Evidentemente, en su ánimo estaba repetir la escena del dormitorio de la condesa. Ese fue el final de su matrimonio. En cambio, parece que su segunda esposa le hizo dichoso.

Realmente, Sacher-Masoch era un buen hombre. No tenía vicios menores, sólo mayores, y era cariñoso con los niños. Tampoco era un hombrecillo insignificante, no vayáis a pensar, porque combatió con el ejército austriaco en la guerra de la independencia italiana.

Donatien Alphonse François, marqués de Sade, fue harina de otro costal. Nació en 1740 en París y murió con los tornillos flojos en el asilo de locos de Charenton. Siendo un jovencito sirvió en el ejército francés, donde llegó a oficial. Ahí se conoce que zurraban mucho, porque le nació la vena perversa y disoluta. Se casó joven, pero, dando de lado a su santa, mostró clara preferencia por la criada. En su novela Juliette idealiza esta relación. Pero la criada pasó a mejor vida y ya nada le pudo frenar.

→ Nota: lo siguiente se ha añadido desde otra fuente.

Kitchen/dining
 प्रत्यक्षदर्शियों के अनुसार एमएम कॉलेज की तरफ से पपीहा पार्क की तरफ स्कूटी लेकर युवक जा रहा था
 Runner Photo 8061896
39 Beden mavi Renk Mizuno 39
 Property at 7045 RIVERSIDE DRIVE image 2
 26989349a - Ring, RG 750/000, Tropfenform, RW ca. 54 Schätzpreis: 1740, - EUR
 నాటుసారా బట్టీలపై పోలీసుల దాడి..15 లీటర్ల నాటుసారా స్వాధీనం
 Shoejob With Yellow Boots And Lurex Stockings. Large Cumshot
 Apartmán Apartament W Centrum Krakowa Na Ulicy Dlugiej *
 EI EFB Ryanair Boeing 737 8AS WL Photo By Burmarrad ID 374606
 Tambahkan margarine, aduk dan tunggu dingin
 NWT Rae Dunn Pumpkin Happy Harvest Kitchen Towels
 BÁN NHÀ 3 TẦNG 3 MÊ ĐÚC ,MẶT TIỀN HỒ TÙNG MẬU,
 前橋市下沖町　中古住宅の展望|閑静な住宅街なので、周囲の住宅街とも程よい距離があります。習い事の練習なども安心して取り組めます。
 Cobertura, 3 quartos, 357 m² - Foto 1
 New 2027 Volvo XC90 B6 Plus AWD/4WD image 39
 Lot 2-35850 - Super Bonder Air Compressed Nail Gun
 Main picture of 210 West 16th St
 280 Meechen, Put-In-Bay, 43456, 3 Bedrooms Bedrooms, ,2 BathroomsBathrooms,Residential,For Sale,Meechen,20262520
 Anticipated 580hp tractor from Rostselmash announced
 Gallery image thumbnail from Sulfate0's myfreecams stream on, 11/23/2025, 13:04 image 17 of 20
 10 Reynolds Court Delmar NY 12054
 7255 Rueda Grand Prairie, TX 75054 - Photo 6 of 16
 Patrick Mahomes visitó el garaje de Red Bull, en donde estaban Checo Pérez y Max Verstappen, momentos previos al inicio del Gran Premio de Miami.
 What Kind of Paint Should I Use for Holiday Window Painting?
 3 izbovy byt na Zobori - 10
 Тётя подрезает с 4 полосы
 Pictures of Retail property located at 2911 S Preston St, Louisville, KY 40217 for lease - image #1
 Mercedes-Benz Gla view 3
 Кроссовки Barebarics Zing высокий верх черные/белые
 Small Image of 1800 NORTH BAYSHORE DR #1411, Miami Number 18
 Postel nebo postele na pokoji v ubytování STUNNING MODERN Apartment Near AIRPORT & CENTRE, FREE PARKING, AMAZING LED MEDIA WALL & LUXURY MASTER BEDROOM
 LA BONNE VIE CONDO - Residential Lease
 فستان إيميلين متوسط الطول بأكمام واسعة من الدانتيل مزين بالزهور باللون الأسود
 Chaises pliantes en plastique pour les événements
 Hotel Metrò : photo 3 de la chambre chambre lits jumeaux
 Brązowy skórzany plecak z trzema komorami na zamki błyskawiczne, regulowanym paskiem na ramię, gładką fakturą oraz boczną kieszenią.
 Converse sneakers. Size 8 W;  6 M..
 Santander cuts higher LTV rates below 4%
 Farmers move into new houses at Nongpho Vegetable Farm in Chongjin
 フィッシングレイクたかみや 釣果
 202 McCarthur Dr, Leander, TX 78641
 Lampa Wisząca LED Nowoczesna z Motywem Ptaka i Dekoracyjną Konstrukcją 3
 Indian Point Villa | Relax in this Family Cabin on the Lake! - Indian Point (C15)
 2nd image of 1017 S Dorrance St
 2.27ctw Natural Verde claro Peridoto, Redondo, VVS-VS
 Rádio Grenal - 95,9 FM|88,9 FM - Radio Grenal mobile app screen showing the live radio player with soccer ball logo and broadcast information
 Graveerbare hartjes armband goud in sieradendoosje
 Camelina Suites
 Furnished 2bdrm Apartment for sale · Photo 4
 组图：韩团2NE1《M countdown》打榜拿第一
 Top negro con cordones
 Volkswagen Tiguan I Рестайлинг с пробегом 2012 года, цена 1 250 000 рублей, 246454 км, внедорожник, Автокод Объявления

Sade se sentía especialmente inspirado cuando flagelaba con ramas de abeto, practicaba incisiones con cuchillo y echaba cera derretida en las heridas (¡eso duele!). Así lo hizo con una mendiga, a la que ató a la cama porque no era partidaria de someterse. También era propenso a las orgías, en las que medía las costillas a las prostitutas después de darles un afrodisíaco. Como se pasó un pelín, lo metieron en la trena, donde se dedicó a escribir, pues era un libertino muy culto. Y escribió cosas tan terribles como ésta: "Cada hombre quiere ser un tirano cuando fornica". Jopé, ¿será cierto eso?

A Sade se le atribuye el mérito de ser el primero en descubrir la importancia del sexo en su vertiente patológica. "Si en el mundo existen seres cuyos actos chocan con los prejuicios aceptados, no debemos predicarles ni castigarlos (...) pues sus raros gustos dependen tanto de ellos como ser ingeniosos o estúpidos, bien hechos o jorobados". Descanse en paz.

Estos tres caballeros tenían muchas cosas en común. Eran inteligentes, sensibles, cultos y de clase alta. Fueron víctimas de la penosa costumbre de los duros castigos físicos y las humillaciones, que a menudo eran aplicados por niñeras, criadas, maestros y gobernantas, sin tener en cuenta que el aprendizaje traumático, a esas tiernas edades, puede llevar consigo una malgrabación sexual. Compadezco, además, a las pobres esposas que no estaban iniciadas en el arte de la flagelación ni le encontraban el morbo a la cosa. Y es que un individuo sádico sólo debe emparejarse con un masoquista; y viceversa.